Bilindiği üzere Türkiye’de çok basit ithamlarla onbinlerce insan terör örgütü üyesi olmakla suçlanmakta ve ağır cezalara çarptırılmakta. Bilhassa 15 Temmuz sonrasında mahkemelerin çok soyut iddialar üzerine ağır cezalara hükmetme eğilimi içine girdiği görülmekte. Devlete karşı işlenen suçlar kategorisinde değerlendirilen örgüt suçlarında en basit ilişkiler, irtibatlar hatta çoğu zaman sosyal medya mesajları dahi pek çok kişinin yıllarca cezaevine kapatılmasına gerekçe teşkil edebilmekte. Üstelik devlete karşı suç ithamıyla cezalandırılan bu insanlara verilen cezalarda artırıma gidilmekte ve infaz koşulları da adli suçlardan farklı olarak sert hükümler içermekte.

Çoğunlukla muhalif düşünce ve eylemleri yüzünden pek çok kişinin devlete karşı suç işlemekle suçlanıp cezalandırıldığı ve ağır hapis koşullarına mahkum edildiği bir ortamda cinayet, yaralama, gasp, hırsızlık, uyuşturucu vb. bir dizi adi suçu işleyen sabıkalı tipler ise birkaç yıl cezaevinde yatıp dışarı çıkabiliyor ve dışarıda kaldıkları yerden toplumu ifsad etmeye devam edebiliyorlar.

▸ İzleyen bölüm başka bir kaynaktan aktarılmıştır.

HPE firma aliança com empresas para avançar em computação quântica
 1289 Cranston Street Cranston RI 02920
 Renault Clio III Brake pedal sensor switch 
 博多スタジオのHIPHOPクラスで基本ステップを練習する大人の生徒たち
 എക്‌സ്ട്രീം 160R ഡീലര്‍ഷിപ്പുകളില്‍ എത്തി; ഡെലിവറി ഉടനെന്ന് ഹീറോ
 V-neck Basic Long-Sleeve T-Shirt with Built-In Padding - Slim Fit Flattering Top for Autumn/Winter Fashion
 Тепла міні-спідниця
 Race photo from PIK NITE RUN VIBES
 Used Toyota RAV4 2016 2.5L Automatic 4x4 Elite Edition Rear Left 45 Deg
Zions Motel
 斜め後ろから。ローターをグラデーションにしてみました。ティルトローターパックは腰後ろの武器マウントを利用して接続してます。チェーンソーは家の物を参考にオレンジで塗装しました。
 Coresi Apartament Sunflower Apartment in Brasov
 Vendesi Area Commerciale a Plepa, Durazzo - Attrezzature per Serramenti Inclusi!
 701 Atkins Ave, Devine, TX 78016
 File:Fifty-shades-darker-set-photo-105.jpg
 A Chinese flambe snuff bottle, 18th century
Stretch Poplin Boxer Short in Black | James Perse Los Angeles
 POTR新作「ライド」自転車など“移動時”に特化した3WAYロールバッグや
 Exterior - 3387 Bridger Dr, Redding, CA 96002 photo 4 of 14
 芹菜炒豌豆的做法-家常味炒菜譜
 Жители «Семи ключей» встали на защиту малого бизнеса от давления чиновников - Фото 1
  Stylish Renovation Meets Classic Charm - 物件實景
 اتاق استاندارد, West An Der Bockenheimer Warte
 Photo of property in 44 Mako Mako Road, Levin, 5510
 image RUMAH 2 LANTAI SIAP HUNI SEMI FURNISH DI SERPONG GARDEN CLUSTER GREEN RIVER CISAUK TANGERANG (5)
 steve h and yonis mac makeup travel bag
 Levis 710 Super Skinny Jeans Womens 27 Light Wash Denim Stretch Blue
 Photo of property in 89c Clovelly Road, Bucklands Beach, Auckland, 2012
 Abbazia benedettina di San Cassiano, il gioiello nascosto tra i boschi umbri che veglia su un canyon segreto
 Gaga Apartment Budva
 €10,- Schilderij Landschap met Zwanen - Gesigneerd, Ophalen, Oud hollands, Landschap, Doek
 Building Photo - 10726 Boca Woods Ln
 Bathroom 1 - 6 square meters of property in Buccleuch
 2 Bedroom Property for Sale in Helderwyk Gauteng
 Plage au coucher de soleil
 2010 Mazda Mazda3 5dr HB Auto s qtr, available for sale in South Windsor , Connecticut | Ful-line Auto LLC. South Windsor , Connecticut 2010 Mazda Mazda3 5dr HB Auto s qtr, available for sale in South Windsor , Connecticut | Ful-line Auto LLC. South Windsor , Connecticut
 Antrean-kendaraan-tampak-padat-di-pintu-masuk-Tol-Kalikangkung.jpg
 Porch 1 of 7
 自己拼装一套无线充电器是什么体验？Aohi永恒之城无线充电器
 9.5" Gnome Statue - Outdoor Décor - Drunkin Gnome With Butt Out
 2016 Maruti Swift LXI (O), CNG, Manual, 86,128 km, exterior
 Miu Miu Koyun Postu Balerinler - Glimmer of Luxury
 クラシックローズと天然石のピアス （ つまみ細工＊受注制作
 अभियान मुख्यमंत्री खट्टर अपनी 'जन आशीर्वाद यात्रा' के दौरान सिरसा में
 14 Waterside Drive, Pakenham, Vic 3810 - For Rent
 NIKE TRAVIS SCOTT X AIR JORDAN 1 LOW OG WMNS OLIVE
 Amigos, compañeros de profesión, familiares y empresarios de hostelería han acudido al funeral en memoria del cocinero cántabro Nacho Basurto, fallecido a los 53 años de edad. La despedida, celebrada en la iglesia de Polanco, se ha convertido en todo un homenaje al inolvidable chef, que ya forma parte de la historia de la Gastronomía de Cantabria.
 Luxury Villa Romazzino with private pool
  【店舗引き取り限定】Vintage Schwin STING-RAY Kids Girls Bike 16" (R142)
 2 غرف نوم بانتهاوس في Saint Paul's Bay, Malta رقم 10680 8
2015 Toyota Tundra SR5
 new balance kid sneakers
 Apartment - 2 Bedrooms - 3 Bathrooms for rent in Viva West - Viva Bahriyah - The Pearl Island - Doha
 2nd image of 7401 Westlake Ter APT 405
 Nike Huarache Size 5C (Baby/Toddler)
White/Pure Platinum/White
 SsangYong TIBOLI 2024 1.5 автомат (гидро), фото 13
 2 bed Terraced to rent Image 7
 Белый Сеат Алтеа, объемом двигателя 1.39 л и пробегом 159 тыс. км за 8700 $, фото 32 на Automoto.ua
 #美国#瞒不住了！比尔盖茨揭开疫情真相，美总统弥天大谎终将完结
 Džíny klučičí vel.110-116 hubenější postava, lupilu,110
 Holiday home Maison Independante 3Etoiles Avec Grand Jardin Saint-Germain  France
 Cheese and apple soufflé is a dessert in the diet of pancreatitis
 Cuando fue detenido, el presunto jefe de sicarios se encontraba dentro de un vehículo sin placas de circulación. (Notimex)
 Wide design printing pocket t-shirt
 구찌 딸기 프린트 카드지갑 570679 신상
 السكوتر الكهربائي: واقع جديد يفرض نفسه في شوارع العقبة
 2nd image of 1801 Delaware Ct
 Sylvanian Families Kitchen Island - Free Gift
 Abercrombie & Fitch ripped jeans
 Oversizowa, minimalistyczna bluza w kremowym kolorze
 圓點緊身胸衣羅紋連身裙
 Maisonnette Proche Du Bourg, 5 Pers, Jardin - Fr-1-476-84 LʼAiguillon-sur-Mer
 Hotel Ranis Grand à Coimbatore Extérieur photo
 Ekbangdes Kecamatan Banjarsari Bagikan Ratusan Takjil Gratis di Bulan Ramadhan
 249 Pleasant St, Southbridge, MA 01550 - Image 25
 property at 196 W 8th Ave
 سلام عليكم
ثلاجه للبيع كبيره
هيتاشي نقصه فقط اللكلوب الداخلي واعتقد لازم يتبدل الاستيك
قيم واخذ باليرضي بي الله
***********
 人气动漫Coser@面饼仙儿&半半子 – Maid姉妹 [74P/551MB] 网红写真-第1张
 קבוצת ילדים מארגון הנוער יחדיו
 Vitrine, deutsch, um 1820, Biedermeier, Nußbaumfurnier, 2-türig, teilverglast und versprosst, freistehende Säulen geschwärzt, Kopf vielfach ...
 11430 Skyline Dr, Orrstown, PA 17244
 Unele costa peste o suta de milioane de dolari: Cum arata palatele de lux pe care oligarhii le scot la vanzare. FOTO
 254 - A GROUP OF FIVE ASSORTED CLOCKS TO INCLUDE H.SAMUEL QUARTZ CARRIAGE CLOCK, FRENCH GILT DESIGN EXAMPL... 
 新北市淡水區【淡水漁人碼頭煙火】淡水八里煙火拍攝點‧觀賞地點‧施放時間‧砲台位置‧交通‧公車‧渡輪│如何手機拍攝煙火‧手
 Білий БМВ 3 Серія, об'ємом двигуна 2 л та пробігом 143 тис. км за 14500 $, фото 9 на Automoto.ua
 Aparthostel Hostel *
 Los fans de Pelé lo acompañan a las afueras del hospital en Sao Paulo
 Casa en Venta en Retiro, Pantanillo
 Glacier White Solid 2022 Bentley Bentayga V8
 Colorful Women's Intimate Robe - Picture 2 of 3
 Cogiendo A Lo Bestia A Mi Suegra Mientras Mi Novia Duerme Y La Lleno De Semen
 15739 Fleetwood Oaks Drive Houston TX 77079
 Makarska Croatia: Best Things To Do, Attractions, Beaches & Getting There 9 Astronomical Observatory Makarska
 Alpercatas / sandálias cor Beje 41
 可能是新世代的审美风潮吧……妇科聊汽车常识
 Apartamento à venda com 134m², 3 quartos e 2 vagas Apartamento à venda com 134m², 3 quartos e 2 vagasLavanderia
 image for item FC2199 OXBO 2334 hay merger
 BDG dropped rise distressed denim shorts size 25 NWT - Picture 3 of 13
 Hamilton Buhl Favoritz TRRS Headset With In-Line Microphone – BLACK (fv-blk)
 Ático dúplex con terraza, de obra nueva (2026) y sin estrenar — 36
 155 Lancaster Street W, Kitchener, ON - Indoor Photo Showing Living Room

Tüm bu çarpık işleyişe rağmen Adalet Bakanlığı bugünlerde infaz sistemi üzerinde yeni bir çalışma yapmakta. Cezaevlerinde hükümlü bulunan onbinlerce kişinin yararlanacağı bu düzenlemeden terör suçu adı verilen devlete karşı işlenmiş suçların failleri yine hariç tutulacaklar. Bu şekilde her türlü adi suç failinin belli şartlarda serbest bırakılmasının yolu açılırken, haklarında bir sohbete katılmak ya da legal bir bankaya para yatırmak ‘delili’ ile terör örgütü üyeliği cezasına çarptırılan kişiler cezaevinde tutulmaya devam edecek.